Chapter - CNNs and Computer Vision
Supplementary chapter prepared for the BWXT Data Science Workforce Training Pilot. This material is original to the program and is not derived from Automate the Boring Stuff with Python; it is written in a similar tone for continuity with the other chapters.
About this chapter
This chapter now focuses specifically on Convolutional Neural Networks (CNNs) and computer-vision task design. If you need a refresher on perceptrons, activations, loss functions, backpropagation, gradient descent, or weight initialization, start with ../Introduction_Neural_Networks/Chapter_Introduction_to_Neural_Networks.md.
By the end of this chapter, you should be able to:
- Describe why images require special handling compared with spreadsheet rows.
- Read common image tensor shapes, especially N×C×H×W vs H×W×C.
- Explain how convolutional filters and pooling operate on image data.
- Describe the structure of a typical CNN classifier.
- Understand the difference between image classification, object detection, and image segmentation.
- Recognize common architectures for each computer-vision task type.
- Explain tradeoffs among common computer-vision architectures.
- Update a vision loss-function strategy based on a practical use case.
Why images are different
A spreadsheet row may have a small number of columns:
| weld_id | voltage | travel_speed | defect_area |
|---|---|---|---|
| W001 | 22.1 | 4.8 | 0.0 |
An image is different. A grayscale image is a grid of pixel values. A color image usually has three channels: red, green, and blue.
For example, a small grayscale image might have shape:
height = 224
width = 224
channels = 1That is:
224 * 224 * 1 = 50,176 pixel valuesA color image with three channels has:
224 * 224 * 3 = 150,528 pixel valuesImages have spatial structure.

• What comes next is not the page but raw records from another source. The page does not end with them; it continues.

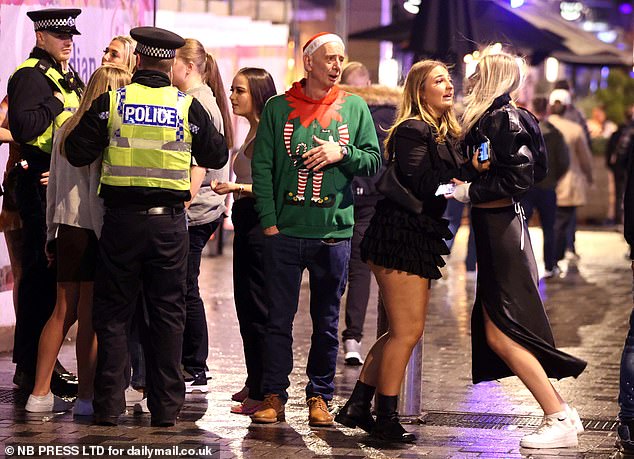 LEEDS: A woman is held back by her friend as police officers and a man in an elf sweater look on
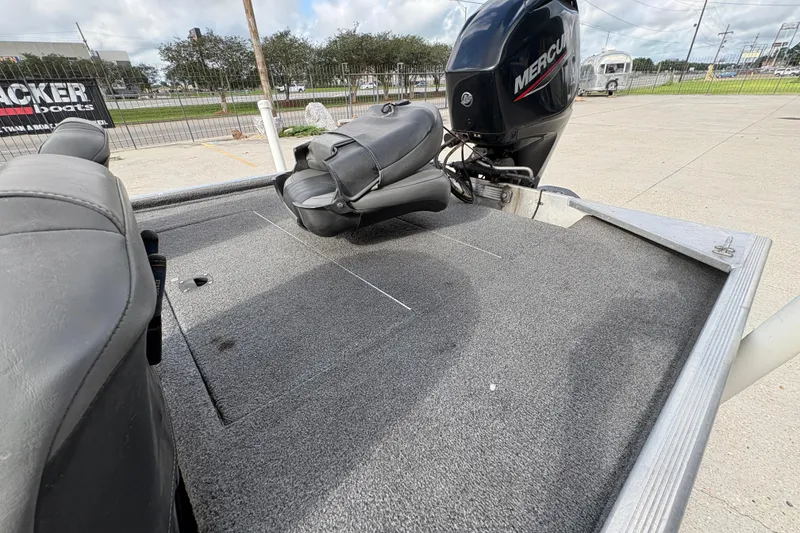 Slide: The Image of 2020 Tracker Bass Tracker Classic XL boat with Mercury engine, featuring spacious deck and seating. - 14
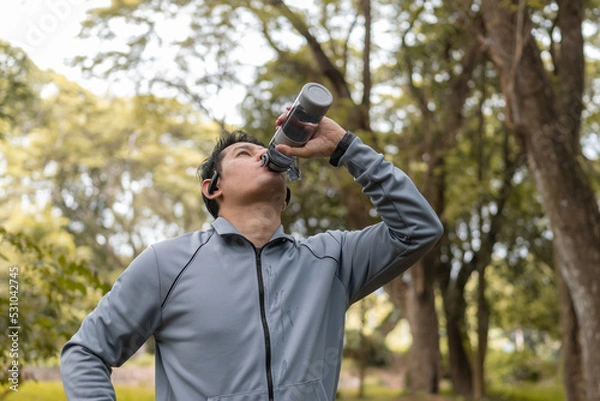 Fototapeta Thirsty runner man is drinking water bottle with earphone after exercise cardio on path in forest background.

Nearby pixels are related. Edges, textures, corners, and shapes matter. CNNs are designed to learn from that structure.
Tensors and arrays of different sizes
In deep learning code, images, weights, and activations are usually stored as tensors: multi-dimensional arrays of numbers with a fixed shape (length along each axis).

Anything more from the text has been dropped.